> _Data_
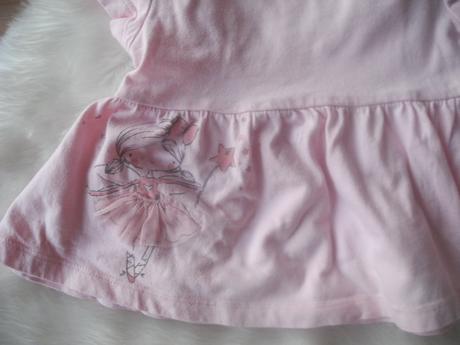 Triko, early days,80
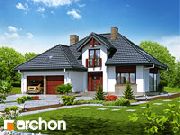 blog budowlany - avatar kalatea2--ola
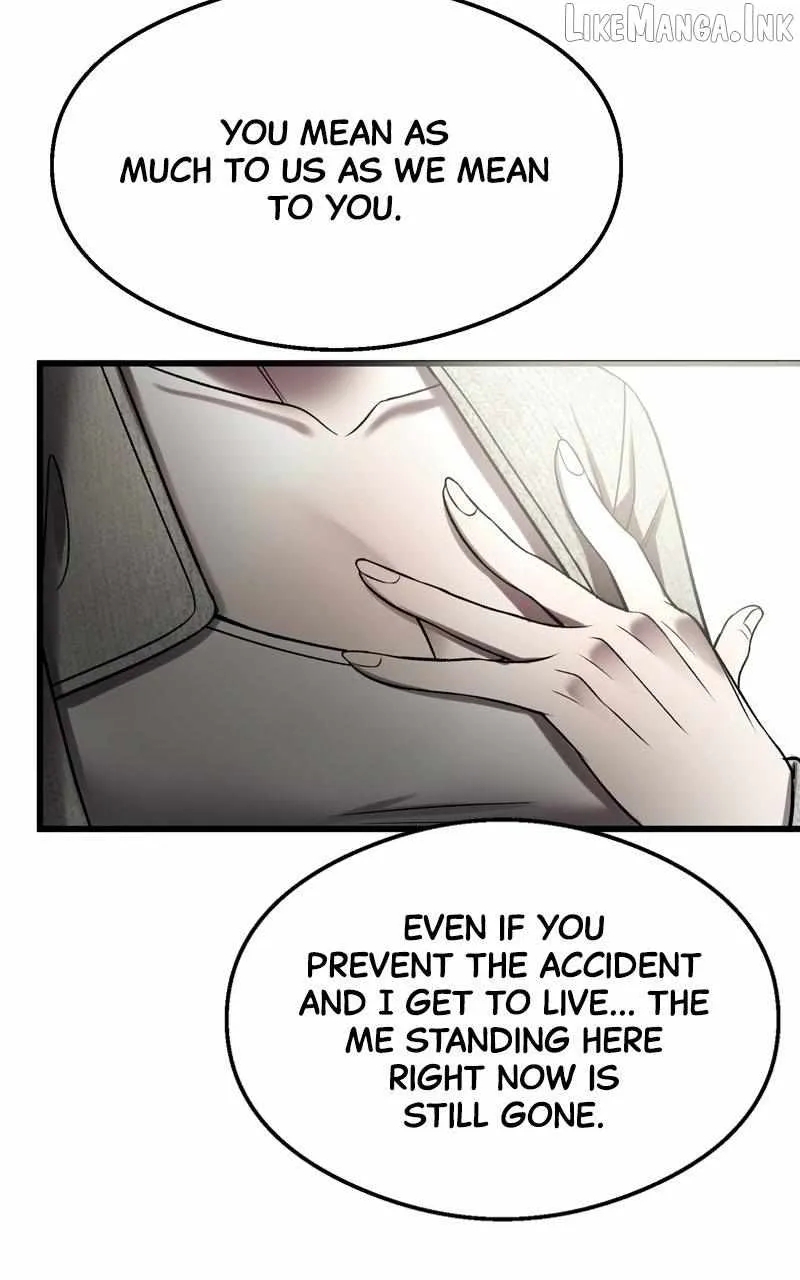 Heart-Pounding Cute Poem Chapter 49 page 80 - 
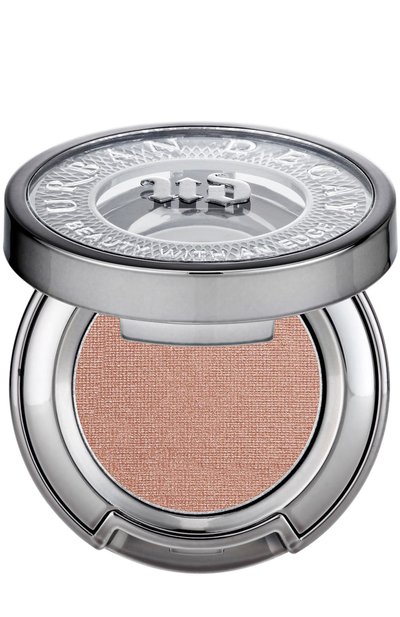 Женские тени для век sin URBAN DECAY, арт. 604214384507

> _Exercise details_
Print, exactly and only, the lines running from the line with "Heart-Pounding Cute Poem" through the last line of the data, including both. Skip any picture.

> _Output of the exercise_
 Heart-Pounding Cute Poem Chapter 49 page 80 - 
 Женские тени для век sin URBAN DECAY, арт. 604214384507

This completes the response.